Article publié dans l’Humanité
CRIF (Conseil représentatif des institutions juives de France)
Devant le CRIF lundi soir, le premier ministre a violemment tancé les opposants à sa politique, dans un amalgame scandaleux avec les auteurs d’actes racistes.
François Fillon a trouvé une tribune inattendue pour lancer une charge violente contre les mouvements sociaux et tous les opposants à sa politique, lundi soir : celle du dîner annuel donné par le Conseil représentatif des institutions juives de France (CRIF). Dans un singulier mélange des genres, le premier ministre a mis en cause, pêle-mêle, parmi les « périls » qui menacent la République, « l’agressivité de groupes extrémistes » qui s’illustre par un regain de l’antisémitisme, mais aussi les « revendications irréalistes qui semblent totalement ignorer la crise », les « déclarations intempestives où l’on voit poindre la recherche de boucs émissaires » et les « manœuvres d’une extrême gauche à qui la démagogie ne coûte rien »…
Récupération éhontée
Syndicats préparant la mobilisation unitaire du 19 mars, collectifs unis contre la vie chère dans les DOM, opposition parlementaire, élus locaux contre la réforme Balladur de dépeçage territorial : chacun reconnaîtra les siens dans ces attaques qui les accusent « d’aiguiser inutilement nos légitimes différences politiques et intellectuelles ». Pour Fillon, applaudir la politique du gouvernement censée « soutenir l’emploi, défendre nos entreprises, relancer l’investissement, sécuriser notre système bancaire », c’est faire preuve d’un « esprit de civisme » contre « la peur, la haine et la division » (sic). Rien de moins ! « C’est en somme, l’aptitude à se rassembler autour des enjeux essentiels, a-t-il ajouté. (…) Si chacun se replie sur ses intérêts catégoriels, si chacun réclame toujours plus alors que l’État est à la limite de ses moyens, si chacun cède à la peur des adaptations au lieu de s’en saisir, alors la France affrontera de grands périls ».

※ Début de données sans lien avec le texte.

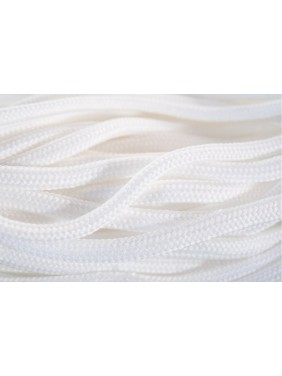 Плетеный шнур ПЭ 6 мм с сердечником, 24-прядный, белый, 20 м Tech-Krep 140359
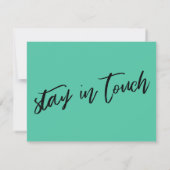 Lässige Änderung der Anschrift Biscay Green Ankünd Mitteilungskarte (Rückseite)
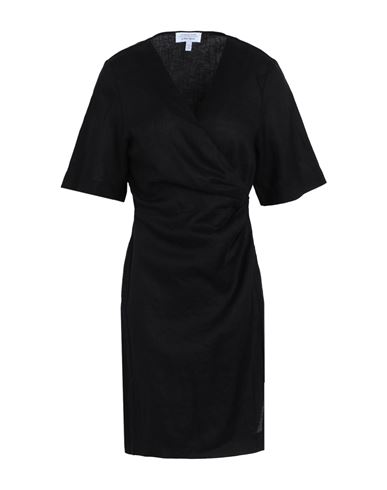 Other Stories &  Woman Mini Dress Black Size 10 Linen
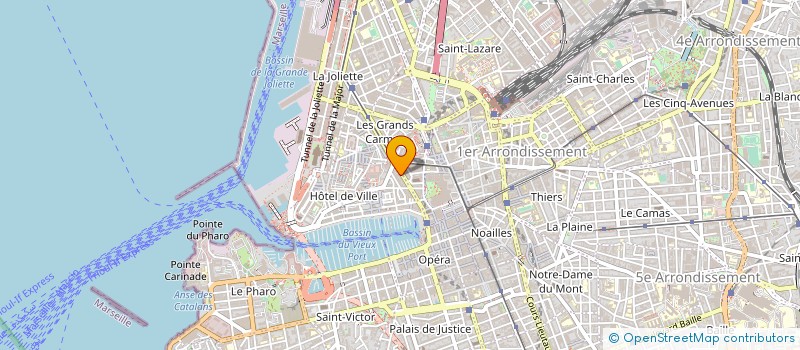 localisation de l'entreprise SOCIETE D ETUDES ET DE SERVICES DES COMMERCANTS INDUSTRIELS ET ARTISANS DE MARSEILLE ET SA REGION à MARSEILLE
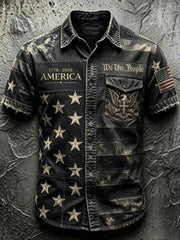 Men'S 250Th Anniversary National Faith Print Shirt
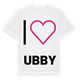 Jag älskar Ubby t-shirt stort tryck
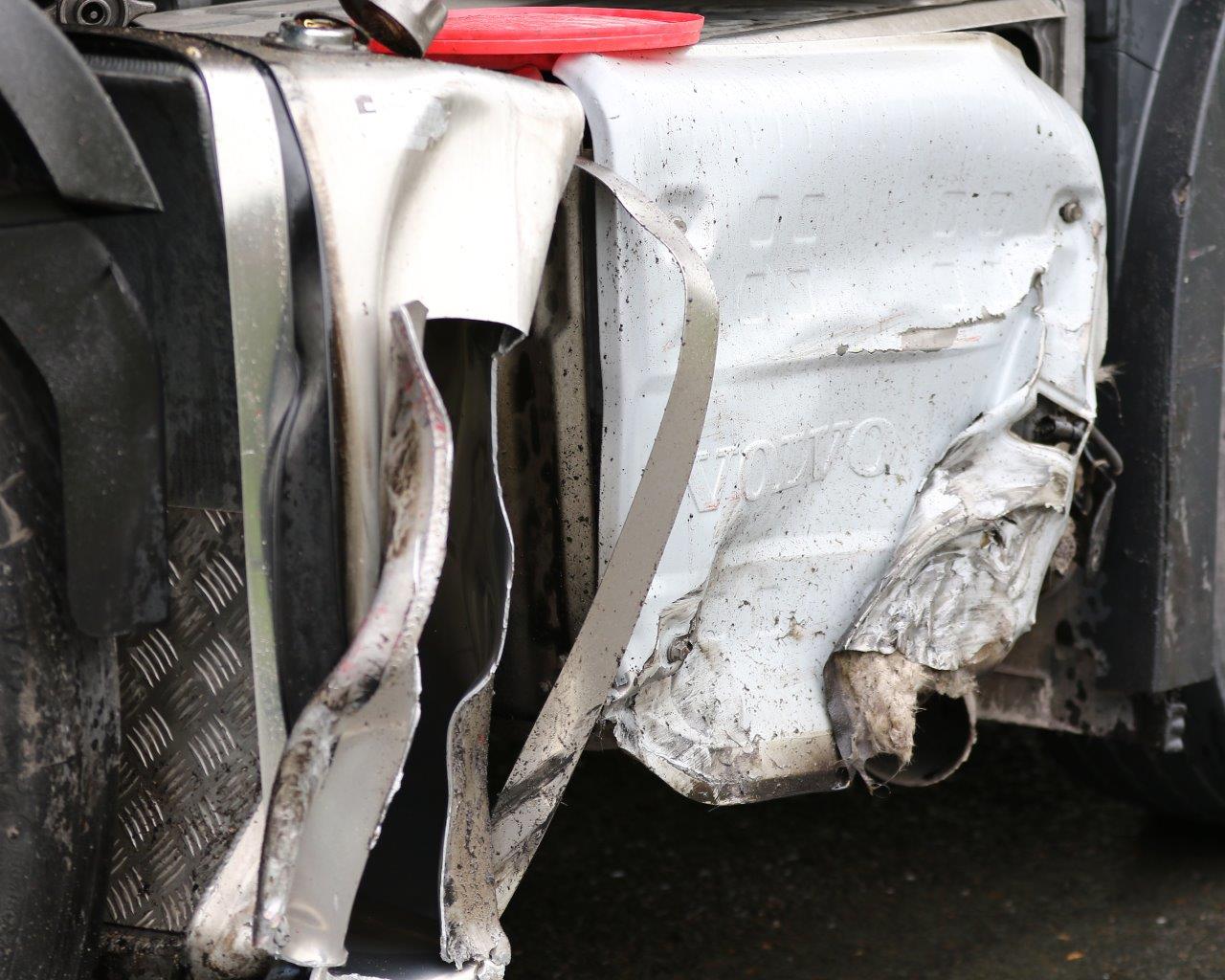 Fuel spillage shuts roads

François Fillon ne recule pas au passage devant la récupération et le détournement éhonté de l’inquiétude manifestée par le CRIF pour enrôler les juifs de France sous la bannière du gouvernement, dont le devoir est « de repousser les surenchères qui risquent de gâcher les conditions du redressement de notre pays. (…) Nous avons le devoir de faire preuve de courage et d’intelligence, dont je sais que la communauté juive est familière ». CQFD.
Recrudescence de l’antisémitisme
Pourtant, le propos du président du CRIF, Richard Prasquier, était tout autre : « C’est une alarme que je vous lance à contrecœur mais de façon solennelle : l’antisémitisme est de retour », a-t-il lancé. « Le mois de janvier 2009 a vu dans notre pays (…) une explosion de haine d’une virulence alarmante », avec 352 actes antisémites recensés, contre 459 pour 2008. En réponse, le premier ministre a annoncé son intention de « durcir la répression des actes racistes et antisémites » et la création d’une « mission sur l’antisémitisme et le racisme dans les réseaux numériques ».